_Exercise prompt_: Please copy all of the entries exactly, but drop every picture.
>>
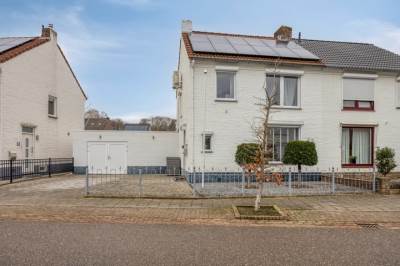 Woning Graaf van Bronkhorststr 2 Gronsveld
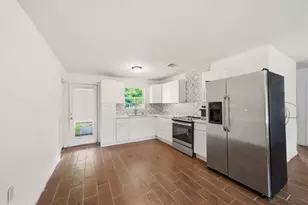 7511 Arnim St, Houston, TX 77087 - Photo 5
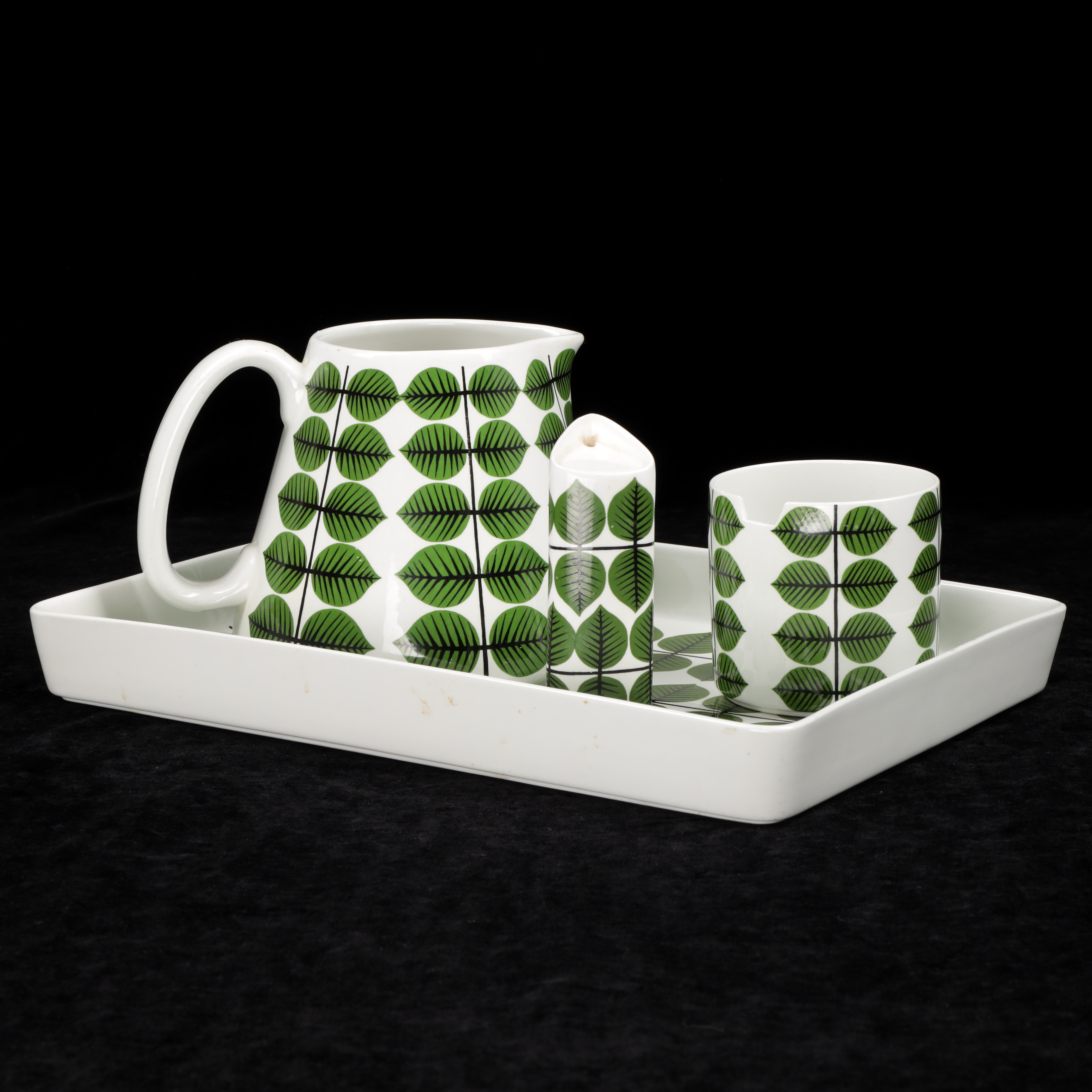 STIG LINDBERG. Fat, kanna mm, "Berså", Gustavsberg, 1960-tal.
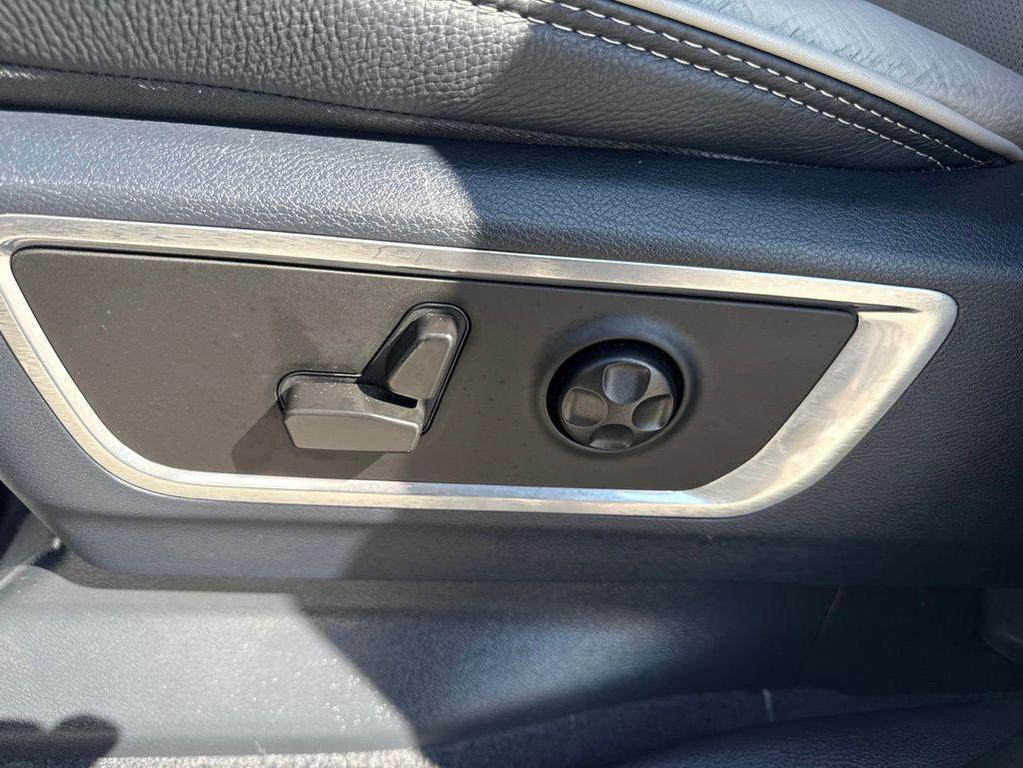 used 2024 Ram 1500 car, priced at $46,290
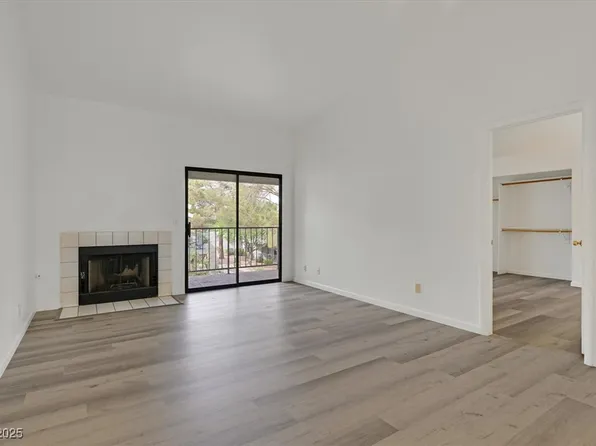 2819 Bluebonnet Dr #6, Henderson, NV 89074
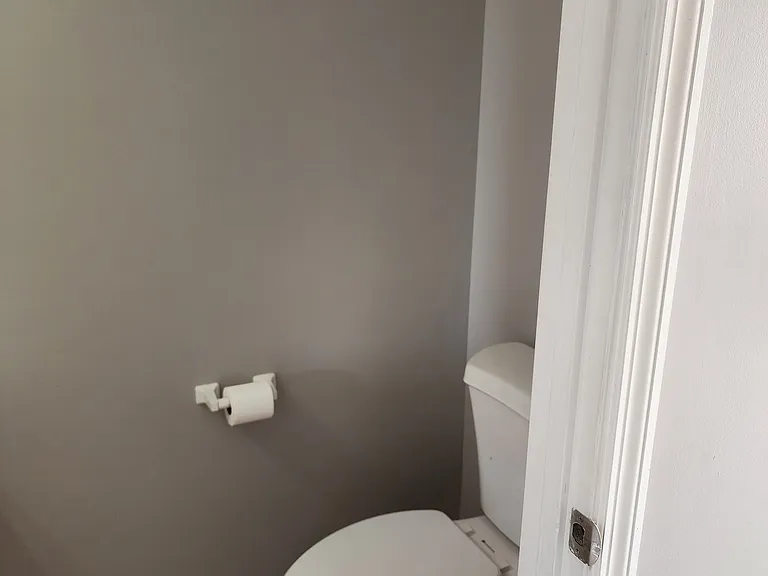 1/2 bath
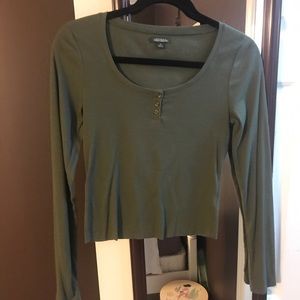 NWOT Wild fable green cropped long sleeve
<<
_Exercise output_:
 Woning Graaf van Bronkhorststr 2 Gronsveld
 7511 Arnim St, Houston, TX 77087 - Photo 5
 STIG LINDBERG. Fat, kanna mm, "Berså", Gustavsberg, 1960-tal.
 used 2024 Ram 1500 car, priced at $46,290
 2819 Bluebonnet Dr #6, Henderson, NV 89074
 1/2 bath
 NWOT Wild fable green cropped long sleeve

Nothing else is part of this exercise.